Edward Moore, 80, a metro Atlanta man, told Channel 2 investigative reporter Justin Gray that he thought he agreed to pay just over $19,000 for a used Mercedes at Grand Motorcars in Marietta. He ended up unknowingly spending more than $28,000 for the car.
“I felt like everything was just rush, rush, rush,” Moore said.
It was not until after Moore brought the Mercedes home that family friend Abby Henderson looked at the paperwork and discovered the incorrect price and the add-ons.
“I said to him, ‘Did you realize you were buying these add-ons?’ and he said, ‘No, I never had a chance to look at the paperwork,’” Henderson said.
Instead of $19,000, Moore was charged a list price of more than $24,000. And there were also expensive charges including $3,500 for a service plan and $4,500 for a paint protection plan.
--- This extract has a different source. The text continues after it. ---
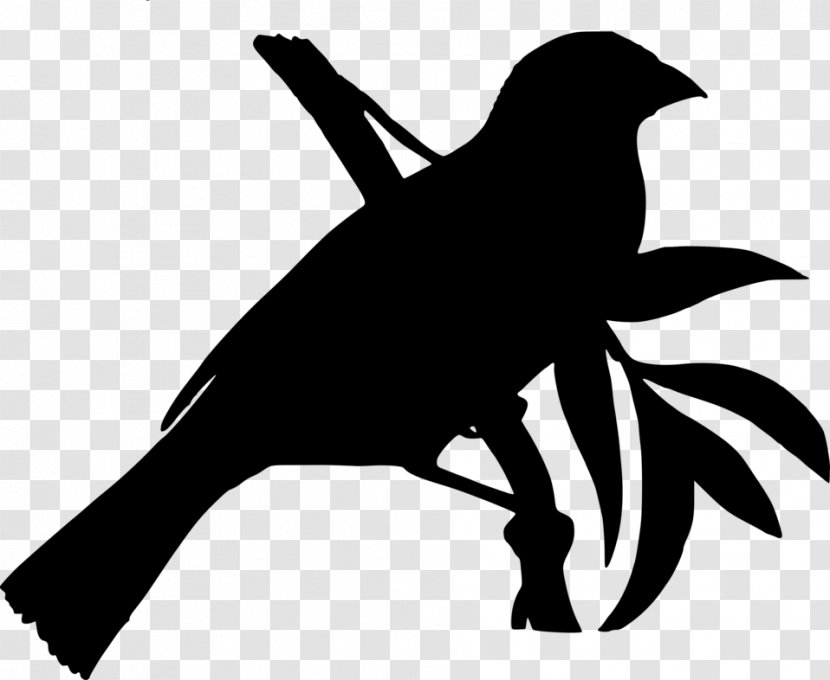 Beak Clip Art Silhouette Fauna - Bird - Plant Transparent PNG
“What would I need it for? A paint job wouldn’t cost me that much,” Moore said.
“They took advantage of a senior citizen is what they did. I think they saw him coming,” Henderson said.
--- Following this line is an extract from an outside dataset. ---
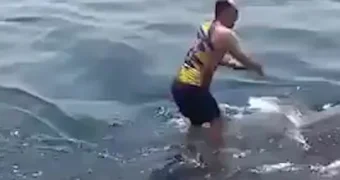 В Иране мужчина забрался на спину китовой акулы и попрыгал на ней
However, once you’ve signed the paperwork in Georgia, you have little legal recourse.
But just last week, the Federal Trade Commission entered into a record-breaking $10 million settlement with an Illinois car dealership for deceptive and unfair practices for slipping in illegal add-ons – so-called junk fees – like paint protection.
At Grand Motorcars, they say Moore signed up for and agreed to all the add-ons they charged for.
Gray went to Grand Motors and spoke to manager Donovan Bickford.
“Why would you add in all those extra charges on without explaining it to him?” Gray asked Bickford.
“I’m not 100-percent sure. I wasn’t here,” Bickford responded. “I’ve been in this business for over 20 years, 25 years, and I pride myself on making sure everybody’s taken care of.”
So Grand Motorcars said it will issue Moore a $2,100 refund and Bickford pledged to Gray that he would be willing to cancel those expensive add-ons and refund the money.
“You’re confident you’re not taking advantage of elderly people here with these deals?” Gray asked.
“Come on, of course not,” Bickford said.
Channel 2 consumer advisor Clark Howard said once you’ve signed on the dotted line, you generally are out of luck.
That’s why he said customers should come in with their own financing to avoid the confusion when signing all those documents.
“Before you know it, you’ve agreed to all kinds of things that were never disclosed to you and you have no idea what it’s just done to your wallet,” Howard said.
Moore owned an auto glass company for more than 40 years before retiring and said this is not how he would have ever treated a customer.
“I always tried to help people. I never tried to take advantage of people. I wanted to feel good about myself the way I treated my customers,” Moore said.